L’apertura di una riflessione di fondo su questo punto è urgente e va sviluppata in forma collettiva, organizzata, non cedendo alla tentazione del “movimentismo” e del “personalismo” di qualche leader, come sta invece accadendo.

Così come, per tornare al tema dei “costi della politica” occorre aprire uno squarcio sulla questione istituzionale.

Tutto ciò che è stato fatto, finora, per fronteggiare il problema “costi della politica” è stato fatto in termini di riduzione non dei costi ma della possibilità di partecipazione popolare e di accesso alle istituzioni da parte di soggetti non facenti parte del “cartello”.

Si tratta, invece, di rivedere funzioni, compiti, ruoli e soprattutto costi impropri.

La mancata abolizione delle province, ad esempio, ha fatto scalpore: ovviamente occorre un piano ben preciso anche sotto questo aspetto, un progetto, una prospettiva.

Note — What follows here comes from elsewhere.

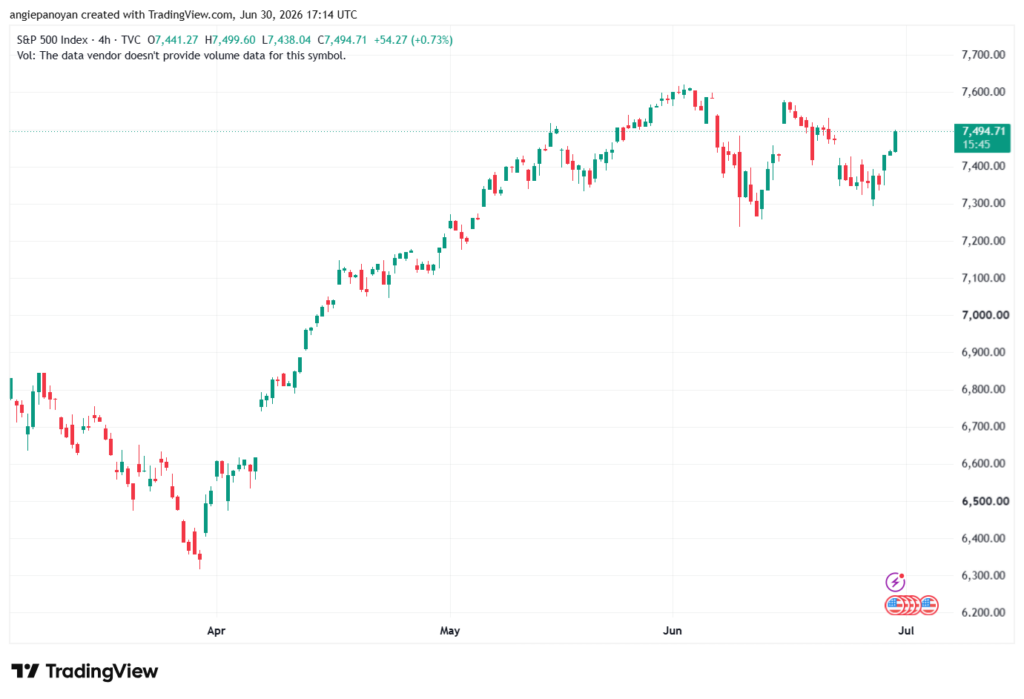 تحليل ستاندرد آند بورز 01-07-2026 S&P 500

Le Province possono svolgere una funzione importante nel senso di funzionare da coordinamento per i Comuni (là dove non può agire l’Area Metropolitana), fungendo da capofila, fornendo servizi alle Unioni di Comuni e quant’altro.

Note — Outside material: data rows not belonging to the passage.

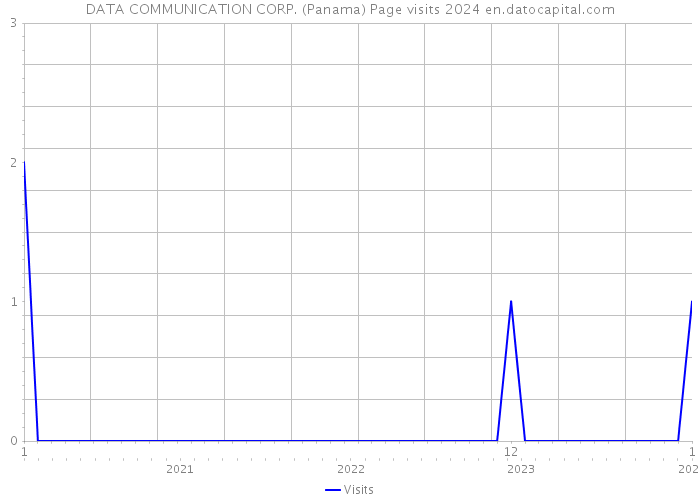 DATA COMMUNICATION CORP. (Panama) Page visits 2024 
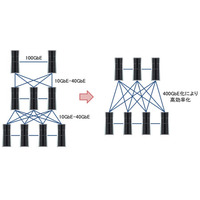 富士通、10Gbps用の部品で100Gbpsを実現する光伝送技術を開発 画像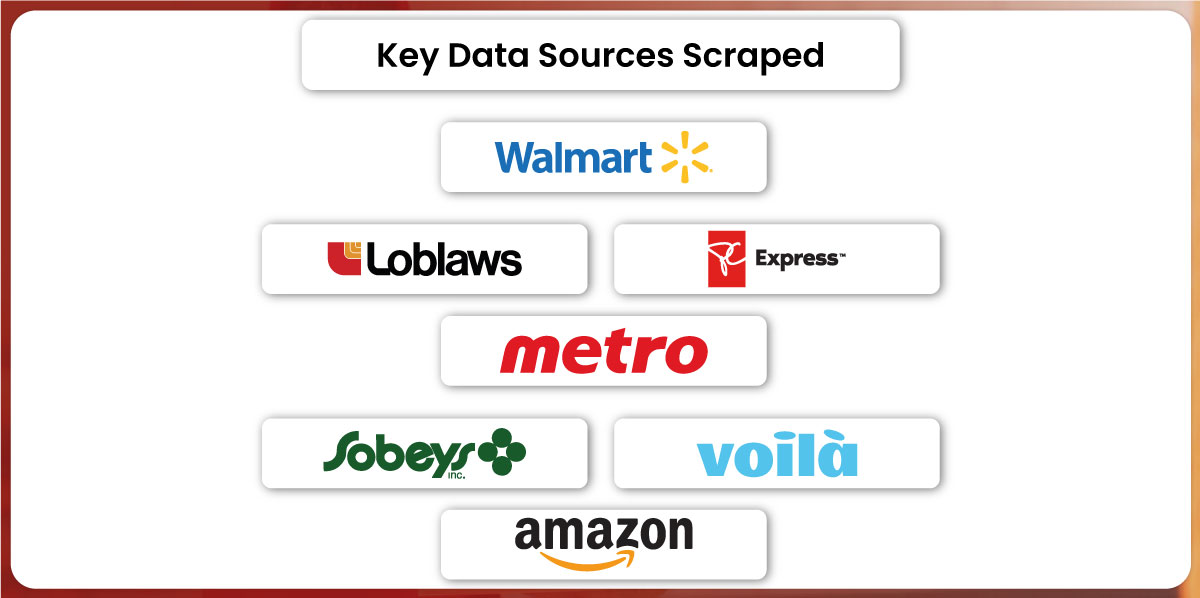 Key-Data-Sources-Scraped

Tutto questo a costi fortemente ridimensionati, snellendo gli apparati e facendo in modo che gli eletti in un Ente di questo tipo non possano rientrare nel novero (esagerato) dei “professionisti della politica”.

Così come ci sono questioni che riguardano le Regioni che andrebbero esaminate con altrettanta attenzione, a partire dall’elefantiasi che ha colpito gli apparati di supporto agli eletti dal momento in cui è entrata in vigore l’elezione diretta del Presidente della Giunta (quanto costano, al momento e nel prosieguo, queste elezioni dirette dovrebbe essere analizzato con serietà, e questo vale anche per i Sindaci e i Presidenti di Provincia, autorizzati a dotarsi di staff, di uffici di consulenza, di propaggini varie che conservino ed accrescano il meccanismo della personalizzazione).

Per quel che riguarda le Regioni, però, il punto vero riguarda il bilancio della regionalizzazione di due settori come la sanità e i trasporti: bilancio da eseguire non soltanto sotto l’aspetto contabile, ma anche dei risultati, dell’efficienza dei servizi, della risposta reale ai bisogni dei cittadini.

Infine , sullo sfondo, le grandi questioni riguardanti le istituzioni centrali: prima fra tutte quella relativa al “bicameralismo paritario” (che qualcuno ha definito ridondante) tra Camera e Senato e la mancata attuazione, sotto questo aspetto, della riforma del titolo V della Costituzione (avvenuta, è bene ricordarlo, nell’ormai lontano 2001).

Ruolo dei partiti e geografia istituzionale questi i temi di fondo, a nostro giudizio, da affrontare sul terreno della “casta” e della sua ormai acclarata “incredibilità sociale”.

Chi pensa all’alternativa dispone di risorse politiche e culturali per muoversi in questa direzione, oppure intende limitarsi a scimmiottare il modello attuale, perdente e pericoloso, che sta declinando?